So, starting from the last point you raised, at the very beginning, it was much more ideological. But even at the time of the revolution, the founder of the revolution in Iran, Ayatollah Khomeini, had spent many years in Iraq in exile, so he was very sensitive to Arab opinion about the Palestinians. He had a view of Israel as being a puppet or an agent of the United States in the region. And in fact, you read what he had written even before the revolution, he used terminology that was very close to the description of colonial settler state—that Israel was basically a foreign entity in the region, it reflected the colonialism that Islamism and Middle Eastern nationalism had fought against. So his views of Israel did not necessarily come out of theology, although theology gave it that necessary legitimacy and coloration. It was essentially a Third World anti-Israeli view that was very prevalent among secular Arab nationalists then, as well as, let’s say, the New Left in Europe in the 60s and 70s.

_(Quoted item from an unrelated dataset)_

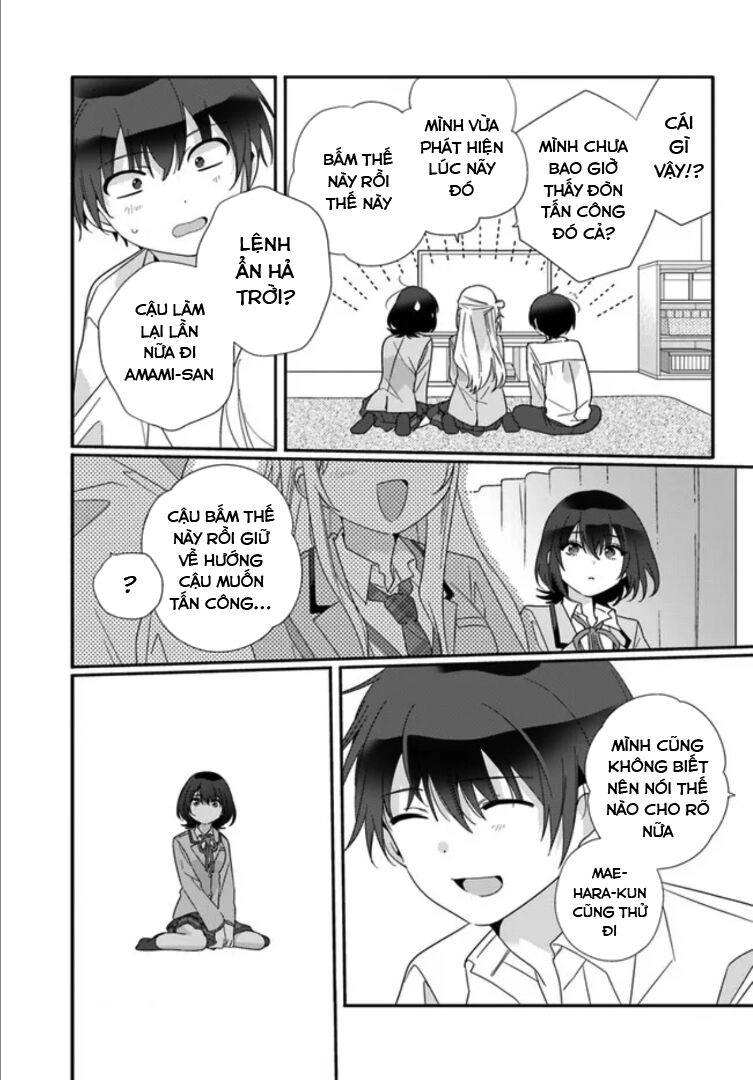 I Became Friends with the Second Cutest Girl in My Class Chapter 7.2 - 14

There are periods that Iran and Israel silently cooperated—or instance, when Iran was under attack by Iraq, the Israelis did provide Iran with a lot of war materiel because it was the only military in the region which had American-made war materiel, and Iran’s military was still dependent on American technology then. But, gradually, Iranians sort of dug into exploiting the Arab anger toward Israel as a strategic crutch for themselves in the Middle East. The more the Arabs pushed against Iran in supporting an American containment strategy, the more Iranians became interested in exploiting the Achilles heel of the Arab regimes, which was the Israel issue. And that was really the basis of their investment in Hezbollah, because they saw Hezbollah and the war in Lebanon as part of their own security issue.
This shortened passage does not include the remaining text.